= EXERCISE INSTRUCTIONS =
Only the text of the records belongs in the answer, copied exactly, with every picture omitted.
------ INFORMATION SHOWN
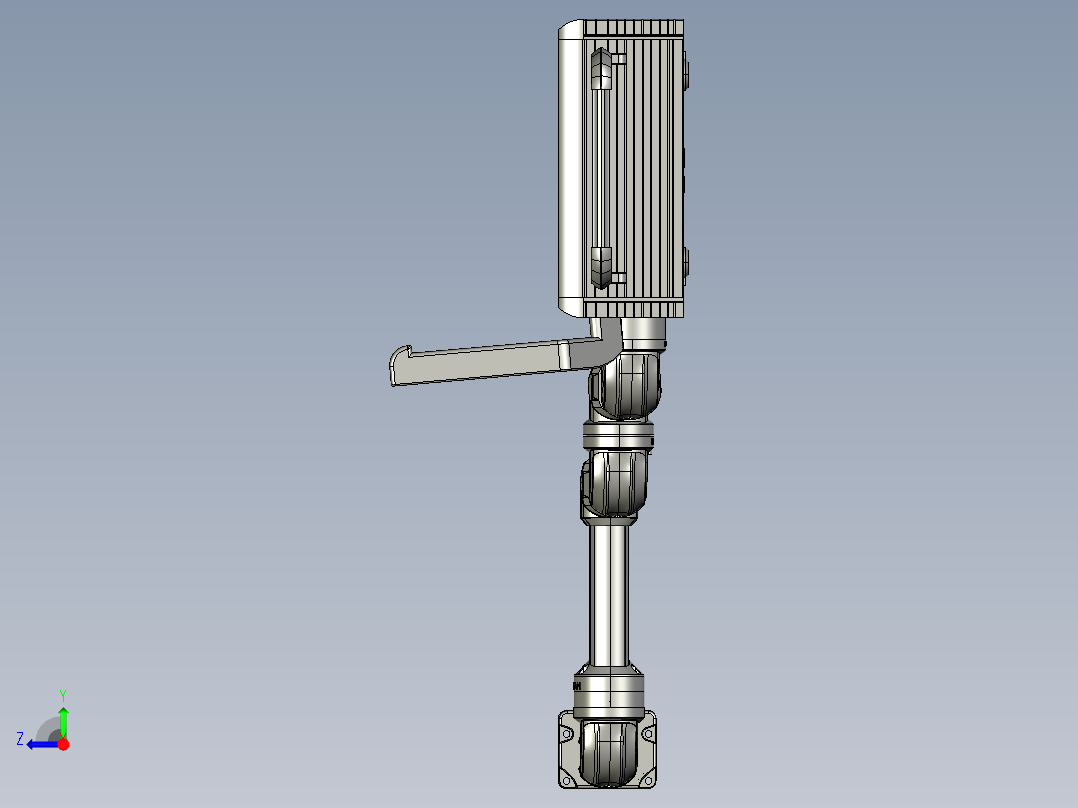 悬臂控制操控箱键盘支架-I3-垂直墙座-转角-中间连接器-90度箱体连接器-200-200-300右视图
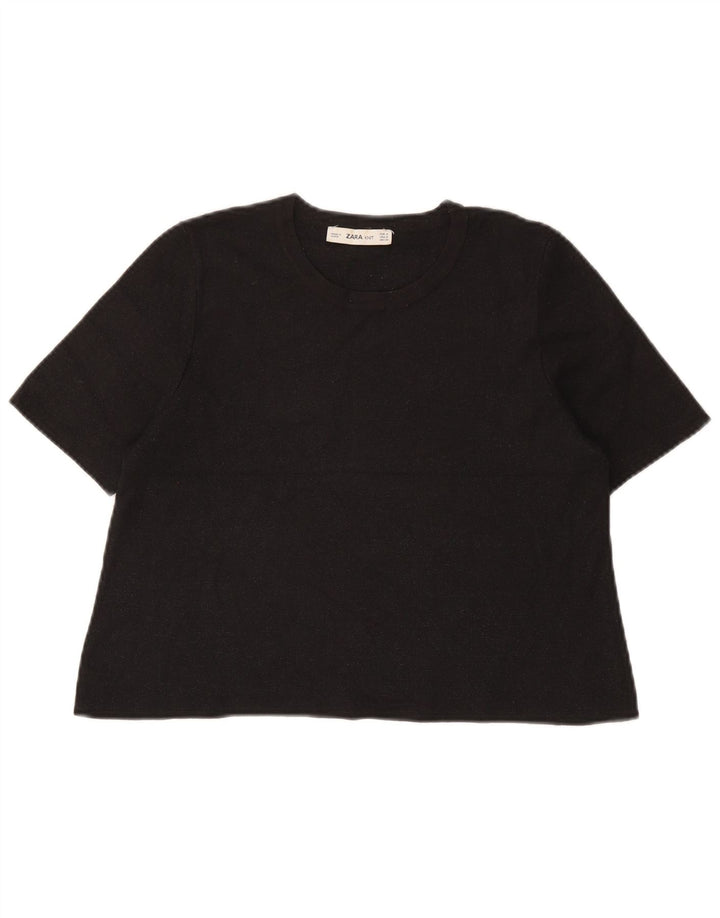 Zara T-shirt court pour femme UK 12 Noir moyen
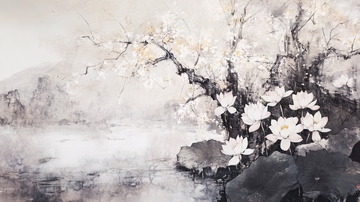 意境风景画水彩荷花14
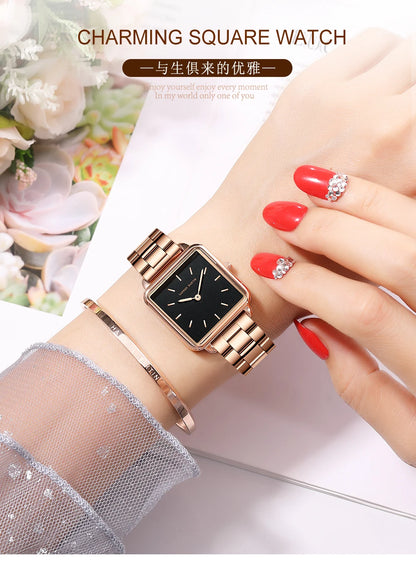 Simple Design Stainless Steel Strap Quartz Machine Core 3ATM Waterproof Wrist Watch Multifunctional Dropshipping Women's Watches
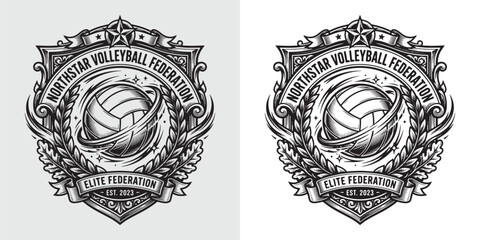 Northstar Volleyball Federation elite emblem with volleyball and star crest © Hamdani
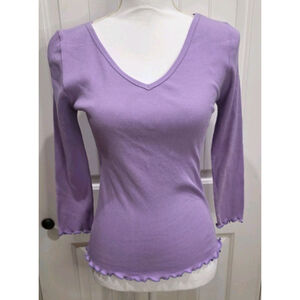 Chaudry B Size S NWOT Y2K Vintage Purple Ribbed V-Neck 3/4 Sleeve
------------
= SOLUTION TO THIS EXERCISE =
 悬臂控制操控箱键盘支架-I3-垂直墙座-转角-中间连接器-90度箱体连接器-200-200-300右视图
 Zara T-shirt court pour femme UK 12 Noir moyen
 意境风景画水彩荷花14
 Simple Design Stainless Steel Strap Quartz Machine Core 3ATM Waterproof Wrist Watch Multifunctional Dropshipping Women's Watches
 Northstar Volleyball Federation elite emblem with volleyball and star crest © Hamdani
 Chaudry B Size S NWOT Y2K Vintage Purple Ribbed V-Neck 3/4 Sleeve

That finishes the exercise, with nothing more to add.